Sharing your story and knowledge
A number of families choose to share their experience of Huntington’s with us to help us in our work. These stories are often featured in case studies in our charity print and online communications. This could include sensitive information relating to their health and family. We will only share this information if we have received full written consent from the family or individual involved.
We rely on experiences and knowledge of HD families to ensure the HD community has an input into the work of our charity and to the wider work and research relating to the disease. We have a patient public involvement group, called HD Voice, who contribute from a family perspective to help inform research and the direction of various charity initiatives.
If you have given us your consent, we will tell you about the progress our charity is making and from time to time we may ask you for donations or tell you about other ways you can support us.

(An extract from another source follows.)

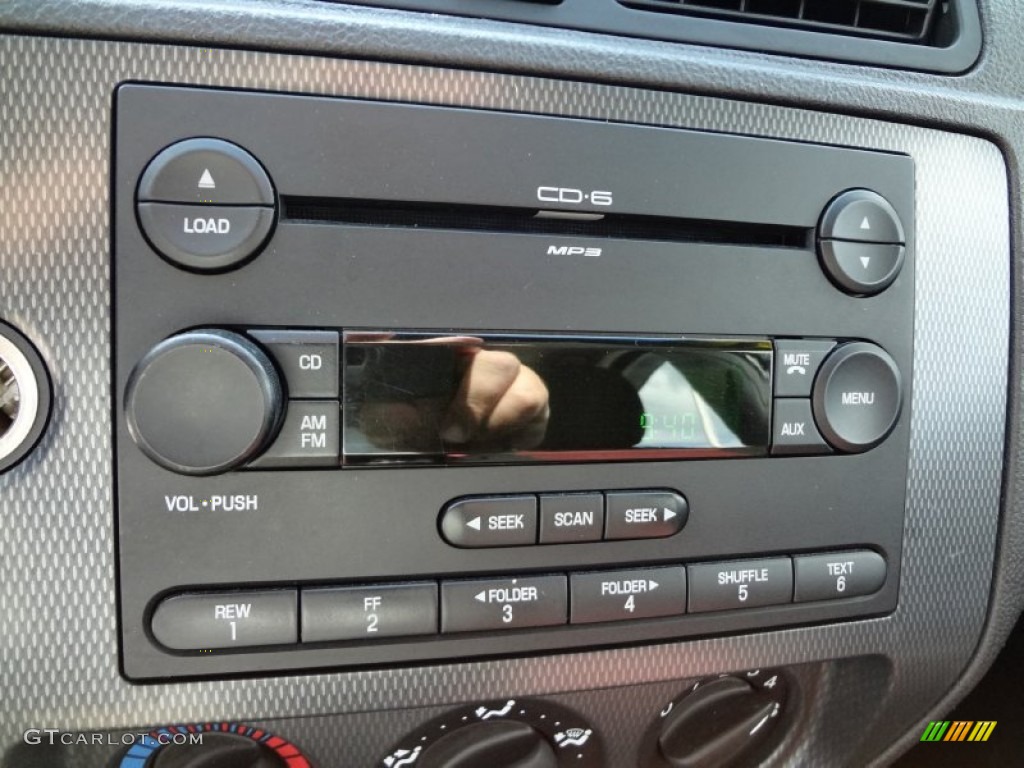 2005 Ford Focus ZX4 ST Sedan Audio System Photo #66179354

We make it clear and easy for you to tell us how you want us to communicate with you. We include information about how to opt out or change your preferences with any mail out sent. If you don’t want to hear from us, we ask you to let us know either by phoning us on 0151 331 5444 or emailing us at [email protected]
We do not sell or share personal details to any third parties.
Understanding our supporters
We may analyse the personal information you give us to create a profile of your interests and preferences so that we only contact you in the most appropriate way and with the most relevant information. This allows us to understand more about you and helps us tailor our requests to you.
We may, if appropriate, ask supporters who may be able and willing to give more to us than they already do to help advance our service.
We may need to share your information with our service providers, associated organisations and agents for the purposes described above.
We make sure that your information is accessed only by appropriately trained staff and approved contractors. We ensure that any external contractors we use are comprehensively checked and adhere to a formal contract in which our expectations and requirements regarding the way in which they manage, collect and access any personal data, are met.
We make sure that there are relevant controls in place on our website and on our data networks to safeguard your personal details. All of our online forms are protected by encryption. We also use a secure server so that when you make a donation or payment via our website, your details are protected.
We take appropriate measures to ensure that any personal information you disclose to us is kept secure, accurate and up to date. We ensure that your personal information is kept only for so long as is necessary and for the purposes for which it was collected. Information is securely destroyed within the relevant timescales in accordance with our information governance policy.
We want to assure you that we do not sell or share donor details with charities or other third parties.
We will only disclose data when obliged to disclose personal data by law, or the disclosure is 'necessary' for purposes of national security, taxation and criminal investigation, or if we have your consent.
We need you to let us know when your details change. We may on occasion, use information available publicly, such as the Post Office’s Nation change of address database.
It is your information so you have the right to ask us to stop contacting you or using your personal data.
You also have the right to request a copy of any information we hold about you. If you want to access your information, please send a written request detailing what you would like to see to our Head Office address, for the attention of Bill Crowder at Huntington’s Disease Association, Suite 24, Liverpool Science Park, IC1 131 Mount Pleasant, Liverpool L3 5TF
If you have any questions or concerns, you can phone us on 0151 331 5444 or email us at [email protected]
The terms of this policy may change, so please check it from time to time.